Intelligent Design theory
Sep. 13th, 2005 01:25 pm![[personal profile]](https://www.dreamwidth.org/img/silk/identity/user.png)
I've been musing about this interesting 'theory' just lately. Essentially it claims that there are some things about life (in the biological sense) that are just too complicated to have evolved by natural selection, and so instead they must have been designed by some more powerful agent.
It's been claimed that this is just creationism in pseudo-respectable guise, and certainly it's seems to have been treated that way in the Kansas State Board of Education. But I guess we can do the proponents the politeness of taking at face value their claim that the Christian God is not a necessary component.
My interest is in the actual structure of the argument.
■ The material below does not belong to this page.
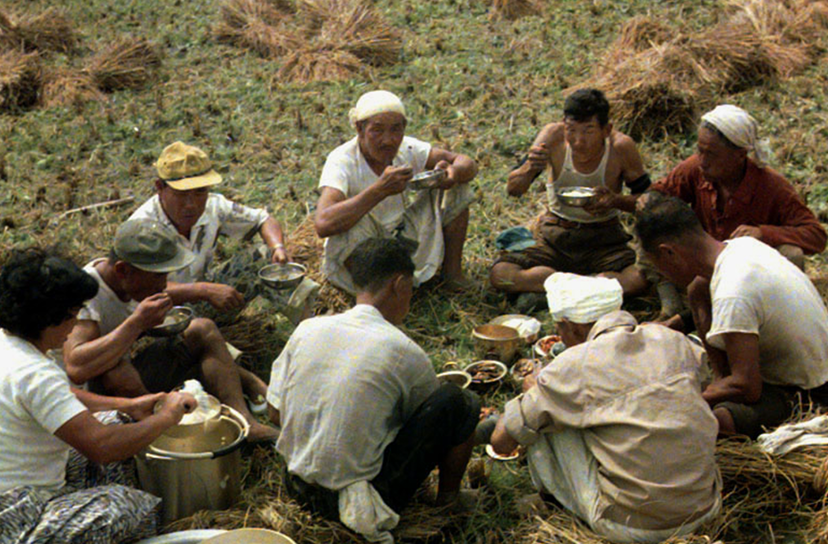 Những nông dân Hàn Quốc đang thưởng thức makgeolli trong giờ nghỉ, thể hiện sinh hoạt thường nhật và đời sống văn hóa.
It's actually very old (Thomas Aquinas I believe put it forward) and so presumably has a lasting appeal, but it seems to me to be impossibly weak. The weakness is that it seems to take the arguer's own paowers of imagination / reasoning as axiomatic of the system. It's saying "I can't imagine how this could have arisen by non-designed means, therefore it can't have." You would think it could automatically be refuted by someone else saying "Well, I can quite easily imagine it, so boo sucks to you." Although a philosopher would probably put that more elegantly.
In the 19th century opponents of Darwinism cited the eye as an example -- saying that part of an eye provided no benefit, therefore natural selection could not have evolved it gradually towards its current form as Darwinists suggested. This was quite easily shot down by showing that just by looking around the animal kingdom of today we can identify a whole spectrum of optical structures which are less complex than our own eyes but which provide benefit to their users.
Today's intelligent design advocates use things like the bombardier beetle, the blood clotting sequence, and the bacterial flagellum as examples of things which only work at all when fully realized. I don't know enough biology to be able to counter these examples, but presumably it can be done?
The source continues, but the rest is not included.